In 2023, it was ranked in the top ten graphic novels by the American Library Association's Graphic Novels and Comics Round Table's "Best Graphic Novels for Adults" list.

Critical reception
Rebecca Silverman of Anime News Network gave the first volume an A−. Silverman praised the concept of Frieren outliving her companions and being forced to live with an understanding of the human world and her own emotions, calling it an "interesting take on the fantasy genre". Silverman, however, commented that the art is not "quite up to the emotional tasks of the story". Richard Eisenbeis from the same website prised the second voulme of the series, saying that it "delivers both emotional tales and deep thematic explorations of human nature". He also described the fourth and fifth volumes of the manga as "an action climax that delivers not only a grand battle but also character-development and world-building. Smaller one-off tales that hit you right in your emotional core".

Wolfen Moondaughter of Sequential Tart gave the first volume a 9 out of 10. Moondaughter highlighted the slice of life nature of the story, despite its premise which involves a "D&D-style adventuring party", also praising the interaction between the characters and the art work, concluding: "If you want a break from fight scenes, and want something more serene and contemplative, this book should serve you well! It's also a lovely story of honouring the memory of lost loved ones, and dealing with grief." Sheena McNeil of the same website gave the first volume a 7. McNeil called the concept of "what happens to the party when the quest is over?" interesting, praising as well Frieren's struggling with "becoming less detached" and seeing her experiencing the "lovely poignant moments, bittersweet ones, and happy ones". McNeil also compared the series' pace and feel to Haibane Renmei.

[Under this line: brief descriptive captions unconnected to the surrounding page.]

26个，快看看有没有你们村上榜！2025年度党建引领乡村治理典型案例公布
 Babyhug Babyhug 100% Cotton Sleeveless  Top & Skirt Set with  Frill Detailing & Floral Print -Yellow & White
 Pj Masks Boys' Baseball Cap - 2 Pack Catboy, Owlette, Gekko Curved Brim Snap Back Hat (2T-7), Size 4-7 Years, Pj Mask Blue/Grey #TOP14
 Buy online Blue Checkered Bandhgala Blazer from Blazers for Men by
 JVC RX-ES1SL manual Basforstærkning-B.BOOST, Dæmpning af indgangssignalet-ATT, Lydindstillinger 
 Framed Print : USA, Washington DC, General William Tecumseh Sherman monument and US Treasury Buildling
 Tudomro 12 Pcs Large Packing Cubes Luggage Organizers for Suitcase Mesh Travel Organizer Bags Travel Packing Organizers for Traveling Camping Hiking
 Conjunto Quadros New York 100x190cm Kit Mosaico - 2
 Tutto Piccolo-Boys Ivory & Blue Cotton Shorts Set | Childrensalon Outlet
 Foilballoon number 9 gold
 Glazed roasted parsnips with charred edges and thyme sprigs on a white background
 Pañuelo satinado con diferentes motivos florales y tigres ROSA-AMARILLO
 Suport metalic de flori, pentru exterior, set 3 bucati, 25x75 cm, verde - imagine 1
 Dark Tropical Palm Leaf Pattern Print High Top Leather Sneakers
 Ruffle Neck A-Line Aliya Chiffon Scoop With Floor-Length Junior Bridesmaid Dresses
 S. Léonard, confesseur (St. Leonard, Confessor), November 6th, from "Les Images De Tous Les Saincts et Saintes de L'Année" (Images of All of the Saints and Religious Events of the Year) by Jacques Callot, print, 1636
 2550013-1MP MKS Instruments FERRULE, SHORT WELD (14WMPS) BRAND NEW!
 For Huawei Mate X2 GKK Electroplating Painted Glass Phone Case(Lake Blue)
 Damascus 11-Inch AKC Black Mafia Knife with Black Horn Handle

The Fandom Post named it the sixth best manga of 2021. They wrote: "Time waits for no man and that line may be overused but that line strikes a chord in this manga. There is always more to discover and Frieren has to learn that lesson as time marches on. It’s a sweet but harsh reminder to enjoy the moment for all its worth."

Awards and nominations

Notes

References

Further reading

External links
  
  
 

2023 anime television series debuts
Adventure anime and manga
Anime series based on manga
Drama anime and manga
Fantasy anime and manga
Madhouse (company)
Manga Taishō
Shogakukan manga
Shōnen manga
Toho Animation
Viz Media manga
Winner of Tezuka Osamu Cultural Prize (New Artist Prize)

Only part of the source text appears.